Acceptable formats, according to the state's Information Technology Division, are now Rich Text Format v. 1.7 (.rtf); Plain Text Format (.txt); Hypertext Document Format (.htm); Portable Document Format (.pdf) - Reference version 1.5; Extensible Markup Language (XML) v. 1.0 (Third Edition) or v 1.1 "when necessary".

This article has some meeting notes which encapsulate the issue nicely:

It should be reasonably obvious for a lay person who looks at the concept of Public Documents that we've got to keep them independent and free forever because it is an overriding imperative of the American democratic system. That we cannot have our public documents locked up in some kind of proprietary format or locked up in a format that you need to get a proprietary system to use some time in the future. So, one of the things that we're incredibly focused on is insuring that the public records remain independent of underlying systems and applications insuring their accessibility over very long periods of time. In the IT business a long period of time is about 18 months, in government it's about 300 years, so we have slightly different perspective.

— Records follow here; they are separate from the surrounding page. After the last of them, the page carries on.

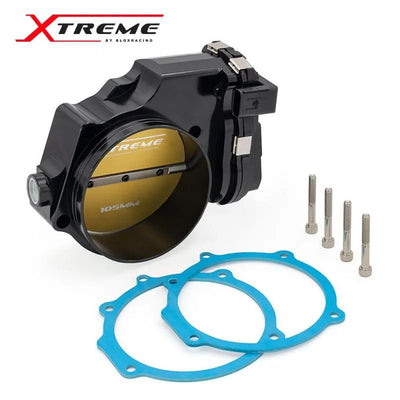 BLOX Racing black throttle body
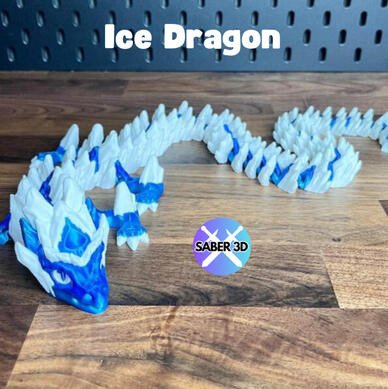 Ice Dragon Ice Dragon
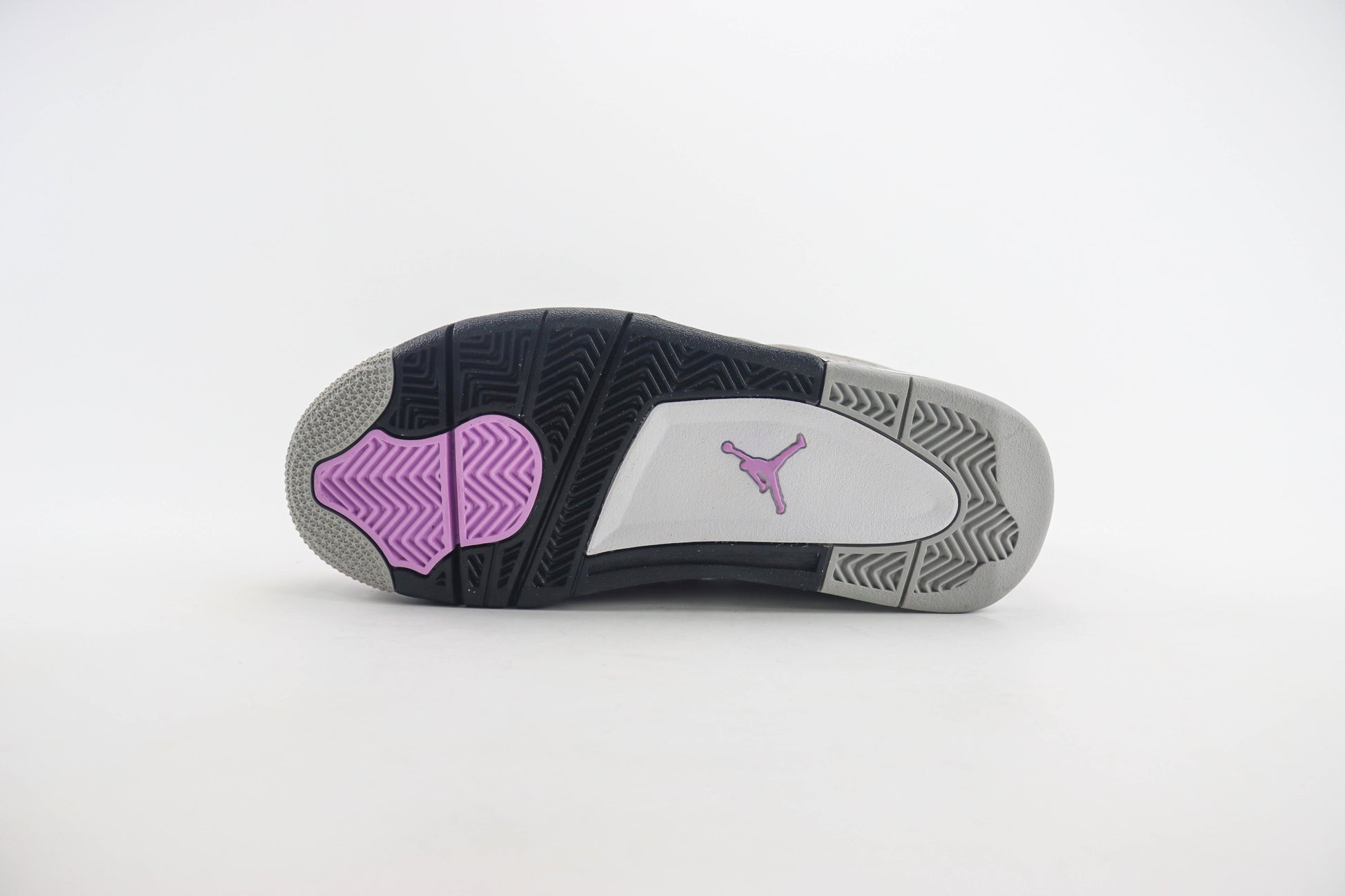 Air Jordan 4 Orchid
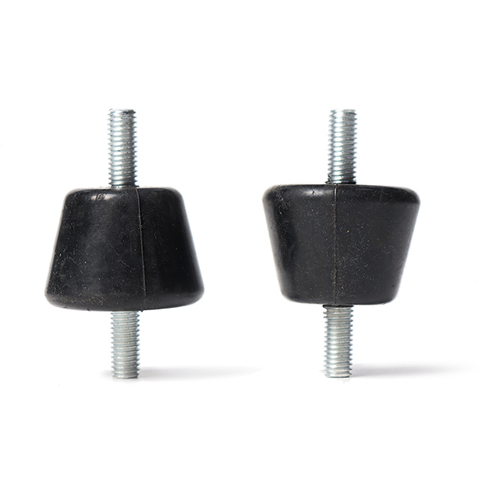 پایه های لاستیکی نصب تهویه مطبوع در فضای باز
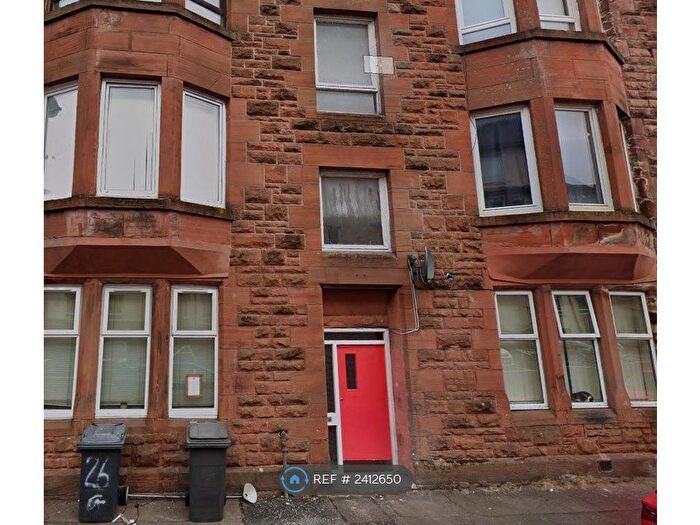 1 Bedroom Flat To Rent In Highholm Street, Port Glasgow, PA14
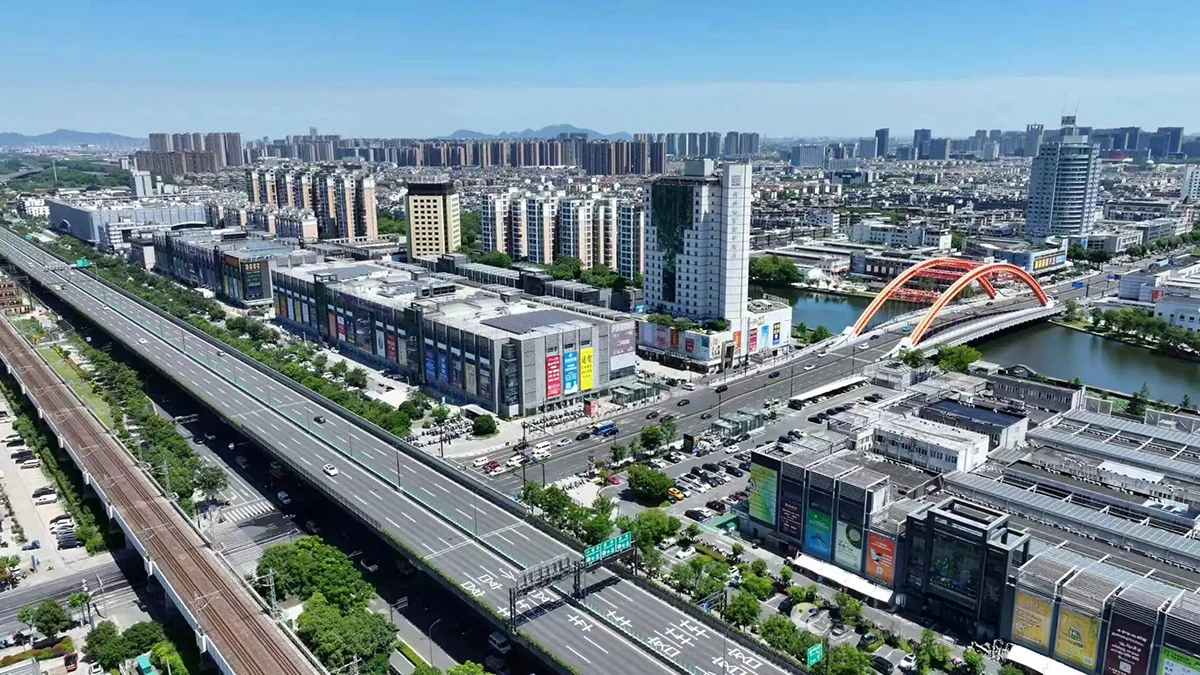 柯桥东方杜邦纺织有限公司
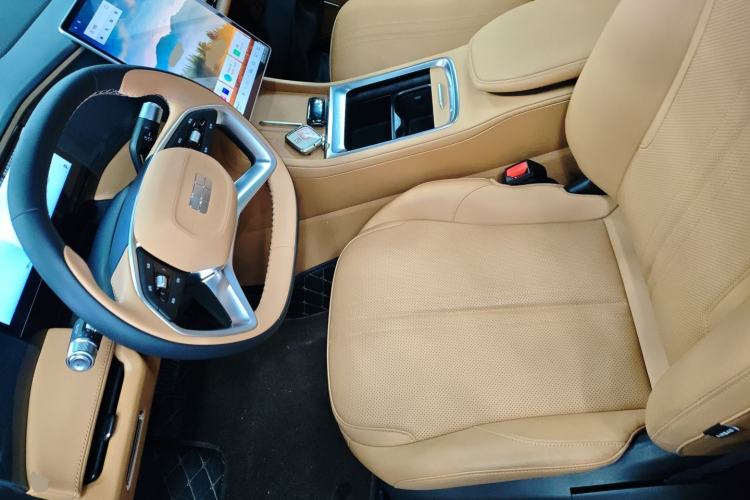 Used Geely Galaxy L7 2025 EM-i 115km Exploration Edition
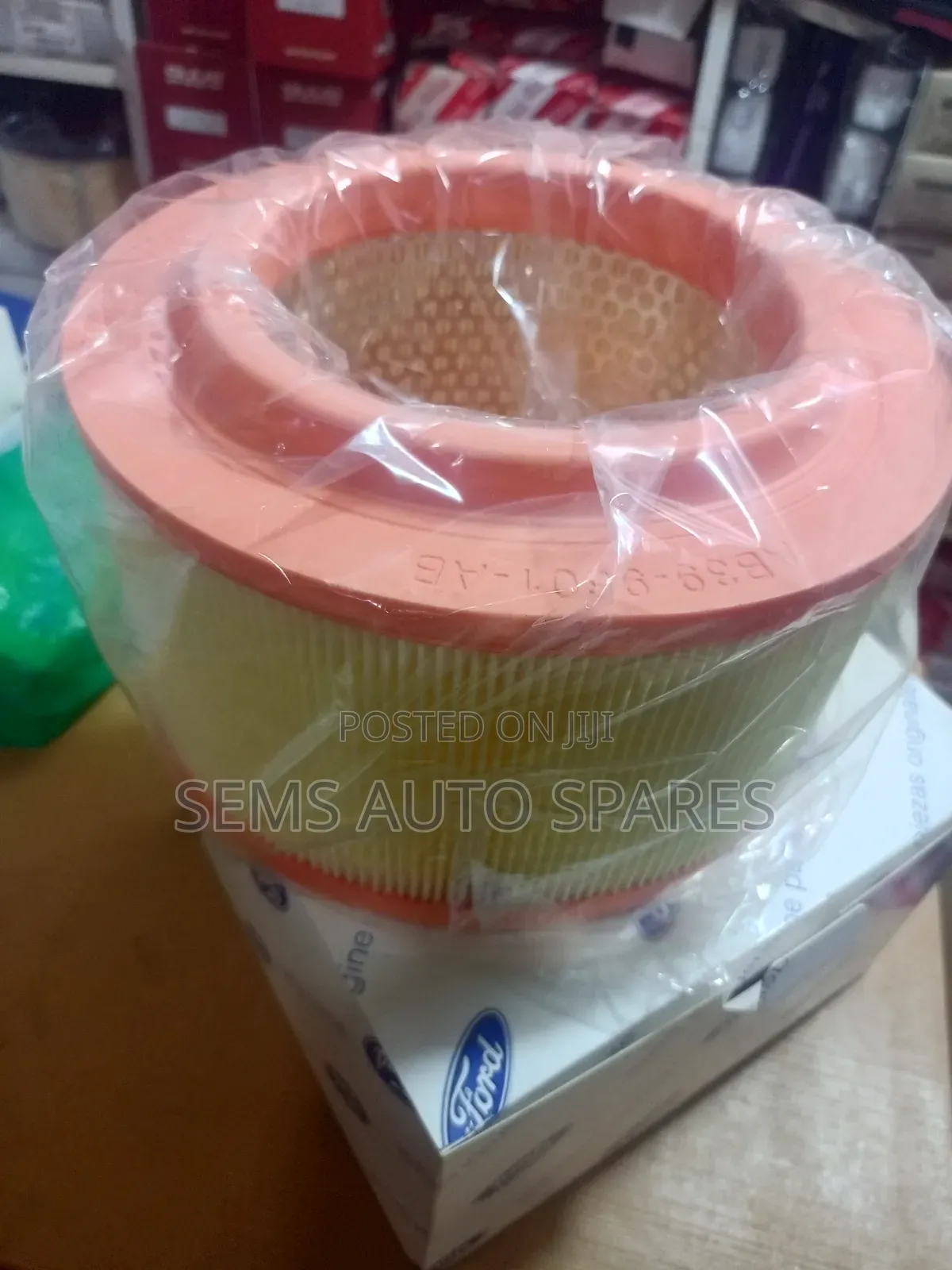 Air Cleaner Mazda BT-50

There is even some comment in the article that Microsoft may come to the party and alter the license terms associated with their (Word 2003) XML doc format. The issue here is that while the doc is an open format, the semantic interpretation of it is wrapped up in a very restrictive license. (There is considerable discussion of this licensing issue in the groklaw article). The bottom line is that if Microsoft chose to implement those license conditions it is feasible that an open source piece of software which read Word 2003 docs could be found to be illegal …

… meanwhile, until the MS Office schema are in the public domain with an appropriate license, there will be no Microsoft documents held in our long term archive without pdf copies … (or of course, MS goes to using a proper semantic markup of their documents).

In the mean time, well done Massachusetts!